18 thoughts on “Marshall Goldsmith on 20 Bad Habits

  1. KenFBrown

    14. Playing favorites: Failing to see that we are treating someone unfairly. This is the one I hate the most. I’ve seen the most destructive situations come from this. It is always a powder keg just waiting to go off.

    1. British Citizen

      Yeah, and many don’t have a clue what is happening behind their backs. Leaders who over look it, deserve to fail.

  2. Danny Burkholder

    Good man, Marshall Goldsmith. I think I’ll go buy one of his books and see for myself what all the fuss is about. Thanks Gen.
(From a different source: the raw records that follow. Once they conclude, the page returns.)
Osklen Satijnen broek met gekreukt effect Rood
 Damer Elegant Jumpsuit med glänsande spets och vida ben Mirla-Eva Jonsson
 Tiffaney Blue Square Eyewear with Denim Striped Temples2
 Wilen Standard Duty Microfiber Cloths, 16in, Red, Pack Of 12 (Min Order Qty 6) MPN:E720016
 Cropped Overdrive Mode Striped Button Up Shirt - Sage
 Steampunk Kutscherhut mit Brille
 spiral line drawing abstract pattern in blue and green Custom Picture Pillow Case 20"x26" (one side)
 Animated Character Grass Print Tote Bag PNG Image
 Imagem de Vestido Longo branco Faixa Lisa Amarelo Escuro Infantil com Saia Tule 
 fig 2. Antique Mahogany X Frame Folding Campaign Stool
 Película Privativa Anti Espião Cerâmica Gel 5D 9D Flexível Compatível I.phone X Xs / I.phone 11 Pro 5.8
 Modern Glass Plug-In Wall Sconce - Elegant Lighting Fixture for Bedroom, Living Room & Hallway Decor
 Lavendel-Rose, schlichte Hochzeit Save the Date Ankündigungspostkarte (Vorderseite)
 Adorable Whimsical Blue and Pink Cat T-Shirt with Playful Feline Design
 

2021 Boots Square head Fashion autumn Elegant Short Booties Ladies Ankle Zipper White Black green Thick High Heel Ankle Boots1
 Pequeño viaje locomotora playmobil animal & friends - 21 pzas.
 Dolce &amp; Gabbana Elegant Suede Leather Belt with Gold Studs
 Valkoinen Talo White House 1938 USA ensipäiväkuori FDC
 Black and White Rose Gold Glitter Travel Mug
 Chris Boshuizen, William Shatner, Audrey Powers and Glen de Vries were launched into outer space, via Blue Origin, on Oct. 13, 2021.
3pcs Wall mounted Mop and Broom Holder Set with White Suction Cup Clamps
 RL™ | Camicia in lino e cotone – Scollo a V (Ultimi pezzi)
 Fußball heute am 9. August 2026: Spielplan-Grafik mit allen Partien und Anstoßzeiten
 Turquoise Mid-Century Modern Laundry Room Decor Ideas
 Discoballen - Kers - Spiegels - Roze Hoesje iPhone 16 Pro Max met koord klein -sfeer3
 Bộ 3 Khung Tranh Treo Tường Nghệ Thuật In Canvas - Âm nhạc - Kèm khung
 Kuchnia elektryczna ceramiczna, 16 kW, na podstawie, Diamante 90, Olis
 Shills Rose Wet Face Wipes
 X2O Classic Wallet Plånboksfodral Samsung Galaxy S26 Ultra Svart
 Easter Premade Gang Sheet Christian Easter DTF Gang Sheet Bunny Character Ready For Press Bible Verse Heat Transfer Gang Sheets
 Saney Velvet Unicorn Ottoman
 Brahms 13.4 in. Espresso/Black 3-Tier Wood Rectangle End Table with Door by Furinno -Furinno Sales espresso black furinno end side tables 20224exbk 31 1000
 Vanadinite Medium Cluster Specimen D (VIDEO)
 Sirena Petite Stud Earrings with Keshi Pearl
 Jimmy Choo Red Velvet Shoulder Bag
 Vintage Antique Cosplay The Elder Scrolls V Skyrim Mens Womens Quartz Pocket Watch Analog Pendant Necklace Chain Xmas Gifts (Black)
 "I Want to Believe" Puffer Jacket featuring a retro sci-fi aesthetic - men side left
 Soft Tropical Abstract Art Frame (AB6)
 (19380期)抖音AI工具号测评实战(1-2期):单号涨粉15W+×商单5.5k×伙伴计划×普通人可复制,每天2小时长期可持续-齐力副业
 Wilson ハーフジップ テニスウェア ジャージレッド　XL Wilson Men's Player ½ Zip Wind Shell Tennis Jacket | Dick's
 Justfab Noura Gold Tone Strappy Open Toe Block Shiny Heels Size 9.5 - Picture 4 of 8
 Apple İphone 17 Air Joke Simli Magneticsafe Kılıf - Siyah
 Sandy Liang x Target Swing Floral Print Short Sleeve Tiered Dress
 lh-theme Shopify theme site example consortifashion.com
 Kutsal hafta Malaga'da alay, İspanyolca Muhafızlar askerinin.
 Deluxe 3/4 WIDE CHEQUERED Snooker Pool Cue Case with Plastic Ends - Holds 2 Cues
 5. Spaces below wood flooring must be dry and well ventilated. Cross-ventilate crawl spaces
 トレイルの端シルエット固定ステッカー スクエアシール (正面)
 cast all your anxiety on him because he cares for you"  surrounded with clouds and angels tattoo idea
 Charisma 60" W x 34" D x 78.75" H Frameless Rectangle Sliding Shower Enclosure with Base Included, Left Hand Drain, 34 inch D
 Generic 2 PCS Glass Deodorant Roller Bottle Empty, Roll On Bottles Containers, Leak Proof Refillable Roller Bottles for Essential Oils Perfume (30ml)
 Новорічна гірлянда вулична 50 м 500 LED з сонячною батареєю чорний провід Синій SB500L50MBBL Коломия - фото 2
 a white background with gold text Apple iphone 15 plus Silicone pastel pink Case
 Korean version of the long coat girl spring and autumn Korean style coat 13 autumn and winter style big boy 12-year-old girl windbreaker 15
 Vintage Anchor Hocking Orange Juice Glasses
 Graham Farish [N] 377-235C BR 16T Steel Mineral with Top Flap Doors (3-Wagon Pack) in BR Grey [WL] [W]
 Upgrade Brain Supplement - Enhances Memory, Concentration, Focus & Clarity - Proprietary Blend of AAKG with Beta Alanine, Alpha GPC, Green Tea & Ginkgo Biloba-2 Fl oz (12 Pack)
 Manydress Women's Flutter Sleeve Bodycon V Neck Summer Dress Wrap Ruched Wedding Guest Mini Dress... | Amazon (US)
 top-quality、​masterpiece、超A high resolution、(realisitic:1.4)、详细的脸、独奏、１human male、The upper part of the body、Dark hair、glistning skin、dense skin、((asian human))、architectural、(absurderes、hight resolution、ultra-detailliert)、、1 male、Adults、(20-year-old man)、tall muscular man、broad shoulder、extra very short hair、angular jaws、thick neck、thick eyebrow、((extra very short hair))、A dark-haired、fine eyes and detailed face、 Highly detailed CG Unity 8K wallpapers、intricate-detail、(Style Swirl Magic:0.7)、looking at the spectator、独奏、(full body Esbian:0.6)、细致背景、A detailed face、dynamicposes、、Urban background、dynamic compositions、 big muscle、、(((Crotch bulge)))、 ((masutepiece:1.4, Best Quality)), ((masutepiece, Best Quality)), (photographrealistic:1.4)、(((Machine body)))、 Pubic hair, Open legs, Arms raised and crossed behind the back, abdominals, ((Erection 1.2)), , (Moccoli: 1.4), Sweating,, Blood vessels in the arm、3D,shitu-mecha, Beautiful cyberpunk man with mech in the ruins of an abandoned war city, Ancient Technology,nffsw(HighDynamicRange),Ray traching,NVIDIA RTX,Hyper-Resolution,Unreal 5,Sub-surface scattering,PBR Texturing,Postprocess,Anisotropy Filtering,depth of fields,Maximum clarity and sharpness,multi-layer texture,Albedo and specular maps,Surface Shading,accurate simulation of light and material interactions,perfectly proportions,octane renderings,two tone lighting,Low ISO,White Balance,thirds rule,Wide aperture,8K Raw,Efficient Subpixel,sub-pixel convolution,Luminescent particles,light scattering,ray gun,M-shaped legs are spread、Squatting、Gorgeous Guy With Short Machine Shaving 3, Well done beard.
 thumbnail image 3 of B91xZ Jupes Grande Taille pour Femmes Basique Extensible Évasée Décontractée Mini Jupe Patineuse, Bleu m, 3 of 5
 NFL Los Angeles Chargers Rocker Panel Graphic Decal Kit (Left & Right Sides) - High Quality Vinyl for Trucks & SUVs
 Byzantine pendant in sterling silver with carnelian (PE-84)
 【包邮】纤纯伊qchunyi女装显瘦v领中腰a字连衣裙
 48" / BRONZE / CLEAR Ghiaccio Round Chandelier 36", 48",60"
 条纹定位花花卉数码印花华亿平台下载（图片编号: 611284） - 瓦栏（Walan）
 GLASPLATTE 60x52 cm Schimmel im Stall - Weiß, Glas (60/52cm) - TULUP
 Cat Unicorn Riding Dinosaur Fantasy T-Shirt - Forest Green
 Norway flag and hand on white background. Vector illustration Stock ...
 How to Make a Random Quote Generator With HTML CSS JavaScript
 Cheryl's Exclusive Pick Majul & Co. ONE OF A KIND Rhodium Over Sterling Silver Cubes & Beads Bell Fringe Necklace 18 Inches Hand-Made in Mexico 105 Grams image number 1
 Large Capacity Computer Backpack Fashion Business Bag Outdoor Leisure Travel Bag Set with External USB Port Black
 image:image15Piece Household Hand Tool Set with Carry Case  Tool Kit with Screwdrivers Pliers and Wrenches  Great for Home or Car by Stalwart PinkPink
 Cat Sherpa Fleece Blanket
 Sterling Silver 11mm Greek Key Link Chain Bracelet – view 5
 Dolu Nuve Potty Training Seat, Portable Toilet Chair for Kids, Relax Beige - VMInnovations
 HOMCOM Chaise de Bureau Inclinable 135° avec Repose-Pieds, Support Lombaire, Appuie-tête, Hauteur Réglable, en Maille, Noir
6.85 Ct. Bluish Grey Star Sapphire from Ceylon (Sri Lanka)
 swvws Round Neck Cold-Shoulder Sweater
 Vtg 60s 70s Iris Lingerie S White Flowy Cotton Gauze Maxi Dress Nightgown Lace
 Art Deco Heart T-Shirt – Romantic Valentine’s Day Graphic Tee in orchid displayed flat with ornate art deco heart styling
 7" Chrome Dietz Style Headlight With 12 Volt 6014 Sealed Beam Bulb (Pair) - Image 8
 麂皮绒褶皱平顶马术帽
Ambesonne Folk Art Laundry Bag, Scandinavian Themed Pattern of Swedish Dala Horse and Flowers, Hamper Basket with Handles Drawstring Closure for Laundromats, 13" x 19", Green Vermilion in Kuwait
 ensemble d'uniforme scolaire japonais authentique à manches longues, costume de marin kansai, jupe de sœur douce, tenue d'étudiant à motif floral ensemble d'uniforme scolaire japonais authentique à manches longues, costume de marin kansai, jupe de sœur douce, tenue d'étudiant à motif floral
Satterfield for letting us know about this guy.

  3. Watson Bell

    Just another super duper list. Folks, pay close attention, re-read this list a few times, and commit them to heart. You will be a better leader for it.

    1. Anya B.

      Some great ideas on this website. The more I read it, the more I learn how to be a good leader and how not to be a poor leader.

  4. corralesdon

    Great practical list. Like others, I’m saving this one. 😊😊😊😊

  5. Max Foster

    A lot of folks here seem to like this list of bad habits to avoid. There are many, of course, and Gen. Satterfield has made his own list. This list is darn well succinct enough for just about any body to understand. But here is the clincher. If you’ve never experience these ‘bad habits’ in a leader and suffered the consequences, then you really don’t understand the impact. This alone should motivate you to do better. Now, if you are a long time reader of this blog by Gen. Satterfield, then you know this is one of his themes. Bad leaders are good in that we learn how not to be a bad leader.

    1. Rev. Michael Cain

      Excellent points, Max and thanks. I agree with your premise that we can learn from bad leaders but maybe it doesn’t take a bad leader for us to be motivated to do good.

      1. Colleen Ramirez

        Humans are just prone to learn the hard way. I think another theme of Gen. Satterfield’s leadership blog is that we don’t always have to learn the hard way but we can study leadership failures and common obstacles and learn how to get around them (learning by watching others struggle and fail).

    2. Otto Z. Zuckermann

      Good comments here. Another reason we are all fans of Gen. S. and his blog.

  6. Valkerie

    Excellent list of ways to avoid being a “jerk.” Wouldn’t you know! Ha Ha Ha. Boy, have I known some jerks who could have learned from Marshall Goldsmith.

  7. Doug Smith

    Nice list. I printed them out, cut them, and then posted them on my refrig. Hey, thanks Gen. Satterfield for making me aware of Marshall Goldsmith, I’d never heard of him before (why, I don’t know). Well done!

    1. Tom Bushmaster

      I never heard of him either and that is exactly why I keep coming back to Gen. Satterfield’s leadership blog. It keeps me in the know. I also learn a tiny bit of leadership info daily, get a few hints on how to improve myself, and also some philosophy on how to be a better person. Now that’s worth taking a couple of minutes each morning for me to read this site.

      1. Greg Heyman

        Most of us keep coming back for the same reason. I’ve been reading this leadership blog regularly now for over three years and find every day a refreshing new idea to think about.

    2. Lady Hawk

      Same here, I had never heard of him, as well. Now I know. Good for us all that Gen. Satterfield makes us aware of some of the better thinkers of today and yesteryear. 👍

  8. Frank Graham

    Mr. Goldsmith is spot on with this practical advice. I also highly recommend his books, all of them. Thanks.